I have been involved in discussions about the role of “Christian Ethics” in the life and policies of the United States of America. This brings up the question as to whether or not this is essentially a “Christian Nation”. Here are some thoughts on the subject that may shed some light on the topic and hopefully will give you a new understanding of the role of Christianity in the society and culture of America.

 

In the way of some background consider that the concept of “Christian Nation” comes from the edict of the Emperor Constantine who after a vision declared that the entire Roman Empire would be Christian and all other religions would be considered not to be sanctioned under the rule of the Empire.

 

The issue became somewhat cloudier when the Empire was divided into two parts, one centered in Rome and one centered in Constantinople. Within the Church structure there came a division between the Roman Church and the Eastern Church.  This division developed into the Roman Catholic Church and the Eastern Orthodox Church with each one claiming primacy over religion.

 

The question remains as to whether or not this brought about a truly “Christian Nation” in either instance. Also note that the role of the church in the culture and government of the empires was very much a factor to be considered.

 

You cannot take a nation with many religions and suddenly do away with them. A result is that there evolved a syncretism which combined elements of the old religions into the Christian culture. This blending will cause the tenets of the Church to be weakened and a Christianity comes about that would be virtually unknown to the Christianity of the first century.

 

To this evolution of Church you might add the lust for power and wealth that pervaded the early Church and the empires that were built within the clerical hierarchy. It is said that power corrupts and that absolute power corrupts absolutely. The Church, except for certain sects within, became enamored with wealth and gain. Its empires were grown by conquest and dominance over “primitive” peoples within the guise of spreading the Gospel.
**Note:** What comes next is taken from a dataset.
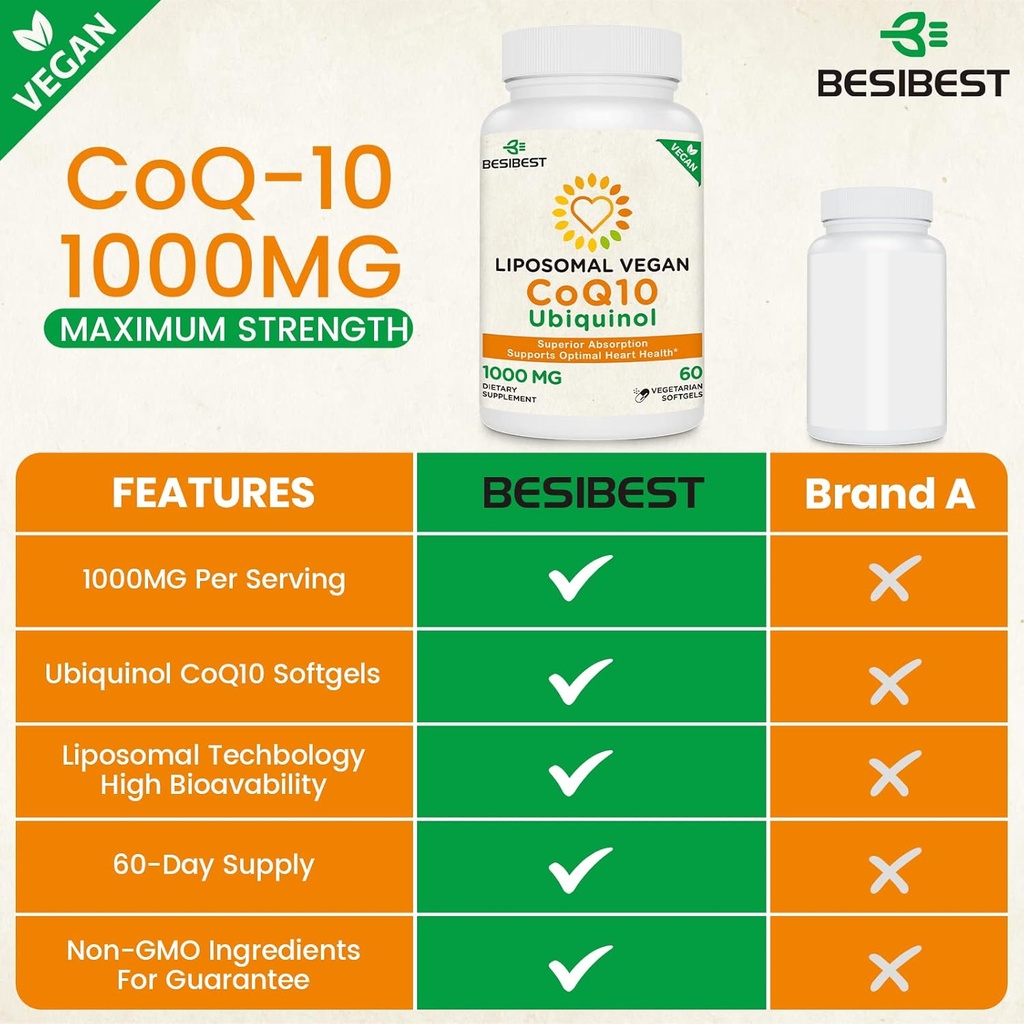 1000mg Liposomal CoQ10 Ubiquinol, 60 Vegan Softgels, High Absorption Ubiquinol CoQ10 Supplement, Active Antioxidant Form of Coenzyme Q10 for Heart Health & Energy Production 4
With this background it is time to move into the definitions that are appropriate to “Christian Nation”.

 

To be precise in our definition we need to look at the meaning of the word “Christian”. In the common use sense a Christian is one who is a member of one of the denominations of the Christian Church. This membership is usually obtained by going through certain rituals, Baptism, Confirmation, some form of membership class or just by accepting an invitation to join. Many consider themselves to be Christian because of this definition.

 

In the Biblical, New Testament sense, a Christian is one who has become a follower of the teachings of Jesus Christ, forsaking one’s previous life, opening themselves to the presence of the Holy Spirit who brings the presence of God into their person and living a life on faith in God. The new mindset of the individual is centered especially in the precepts of the Sermon on the Mount and the Beatitudes. The focus is the unconditional love of God as it applies to one’s life and dealings with others.

 

The wealth of the Christian is a wealth of faith in God and not a wealth of prosperity or gain. God does not promise a life without obstacles but the power and courage to overcome the obstacles we meet.

 

A nation is a large body of people possessing its own territory ruled by a unified government. This nation is of itself amoral. It is the common culture that determines the mindset of the nation. This is the point where a nation may be thought of as Christian, Islamic, Hindu, etc. So what does it mean to have a nation whose culture is predominately Christian?

 

Nominally America developed as a Christian culture. Its mores, law, sense of justice have come from the Judeo-Christian influence of the colonists who settled here. The glitch in the program is that the sinfulness of humankind has distorted the ideal and replaced it with greed, violence and an individual repulsion to having societal norms. In political cultures this is not uncommon and largely the reason that socialism, communism and dictatorships are destined to fail.

 

In an ideal Christian Nation violence, greed, hedonism and self-centeredness would become absent being replaced by love, hope, caring and sharing. Therefore what is your answer to the question, “Is the United States of America a Christian Nation?